§ TO DO
Repeat the entries below exactly, pictures excluded.

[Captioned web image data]
╭──

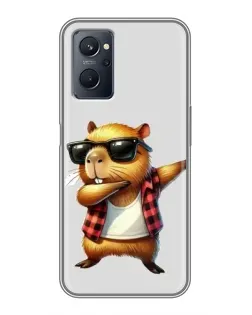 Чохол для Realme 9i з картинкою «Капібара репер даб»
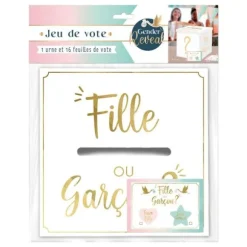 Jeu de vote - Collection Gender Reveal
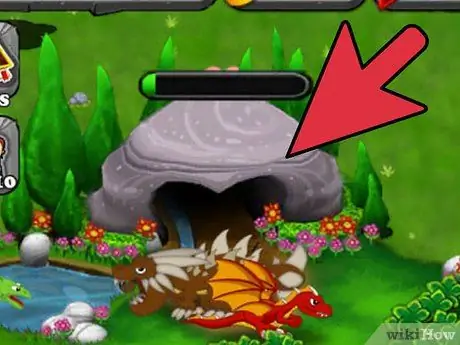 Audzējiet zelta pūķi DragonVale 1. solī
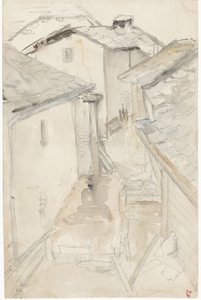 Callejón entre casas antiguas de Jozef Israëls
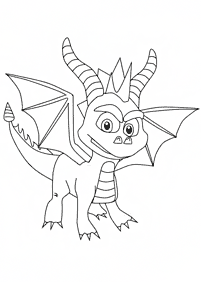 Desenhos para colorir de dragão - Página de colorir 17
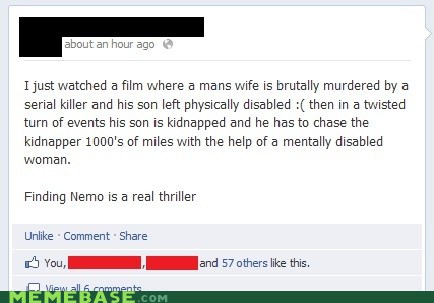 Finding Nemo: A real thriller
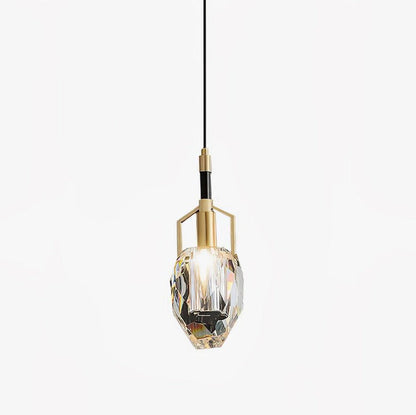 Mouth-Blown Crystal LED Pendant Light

╰──

§ WRITTEN ANSWER
 Чохол для Realme 9i з картинкою «Капібара репер даб»
 Jeu de vote - Collection Gender Reveal
 Audzējiet zelta pūķi DragonVale 1. solī
 Callejón entre casas antiguas de Jozef Israëls
 Desenhos para colorir de dragão - Página de colorir 17
 Finding Nemo: A real thriller
 Mouth-Blown Crystal LED Pendant Light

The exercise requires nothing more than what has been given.